**DATASET CONTENT:**
━━━

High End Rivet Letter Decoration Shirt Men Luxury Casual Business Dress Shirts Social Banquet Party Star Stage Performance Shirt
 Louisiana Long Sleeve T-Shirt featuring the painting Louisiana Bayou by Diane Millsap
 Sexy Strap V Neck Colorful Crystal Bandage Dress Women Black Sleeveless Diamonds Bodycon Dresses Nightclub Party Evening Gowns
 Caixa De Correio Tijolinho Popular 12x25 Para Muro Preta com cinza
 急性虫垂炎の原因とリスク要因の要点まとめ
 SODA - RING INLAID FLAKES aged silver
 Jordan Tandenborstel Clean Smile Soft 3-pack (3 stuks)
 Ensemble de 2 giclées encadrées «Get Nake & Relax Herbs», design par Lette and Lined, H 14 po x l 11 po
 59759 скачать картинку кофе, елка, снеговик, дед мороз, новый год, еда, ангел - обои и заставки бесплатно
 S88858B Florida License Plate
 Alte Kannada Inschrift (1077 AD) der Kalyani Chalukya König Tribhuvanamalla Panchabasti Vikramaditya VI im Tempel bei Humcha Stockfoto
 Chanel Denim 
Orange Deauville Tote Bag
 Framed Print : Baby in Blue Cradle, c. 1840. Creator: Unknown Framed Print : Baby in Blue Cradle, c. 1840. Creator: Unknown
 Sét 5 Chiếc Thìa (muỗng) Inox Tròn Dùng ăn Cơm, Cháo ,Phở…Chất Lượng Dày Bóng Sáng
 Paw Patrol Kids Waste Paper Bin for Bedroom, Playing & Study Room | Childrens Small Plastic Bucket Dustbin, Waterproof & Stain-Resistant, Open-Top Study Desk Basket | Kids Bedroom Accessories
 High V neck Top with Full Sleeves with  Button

━━━

**PROBLEM TO WORK ON:** What is needed here is an exact transcription of the records above.

**THE ANSWER:**
High End Rivet Letter Decoration Shirt Men Luxury Casual Business Dress Shirts Social Banquet Party Star Stage Performance Shirt
 Louisiana Long Sleeve T-Shirt featuring the painting Louisiana Bayou by Diane Millsap
 Sexy Strap V Neck Colorful Crystal Bandage Dress Women Black Sleeveless Diamonds Bodycon Dresses Nightclub Party Evening Gowns
 Caixa De Correio Tijolinho Popular 12x25 Para Muro Preta com cinza
 急性虫垂炎の原因とリスク要因の要点まとめ
 SODA - RING INLAID FLAKES aged silver
 Jordan Tandenborstel Clean Smile Soft 3-pack (3 stuks)
 Ensemble de 2 giclées encadrées «Get Nake & Relax Herbs», design par Lette and Lined, H 14 po x l 11 po
 59759 скачать картинку кофе, елка, снеговик, дед мороз, новый год, еда, ангел - обои и заставки бесплатно
 S88858B Florida License Plate
 Alte Kannada Inschrift (1077 AD) der Kalyani Chalukya König Tribhuvanamalla Panchabasti Vikramaditya VI im Tempel bei Humcha Stockfoto
 Chanel Denim 
Orange Deauville Tote Bag
 Framed Print : Baby in Blue Cradle, c. 1840. Creator: Unknown Framed Print : Baby in Blue Cradle, c. 1840. Creator: Unknown
 Sét 5 Chiếc Thìa (muỗng) Inox Tròn Dùng ăn Cơm, Cháo ,Phở…Chất Lượng Dày Bóng Sáng
 Paw Patrol Kids Waste Paper Bin for Bedroom, Playing & Study Room | Childrens Small Plastic Bucket Dustbin, Waterproof & Stain-Resistant, Open-Top Study Desk Basket | Kids Bedroom Accessories
 High V neck Top with Full Sleeves with  Button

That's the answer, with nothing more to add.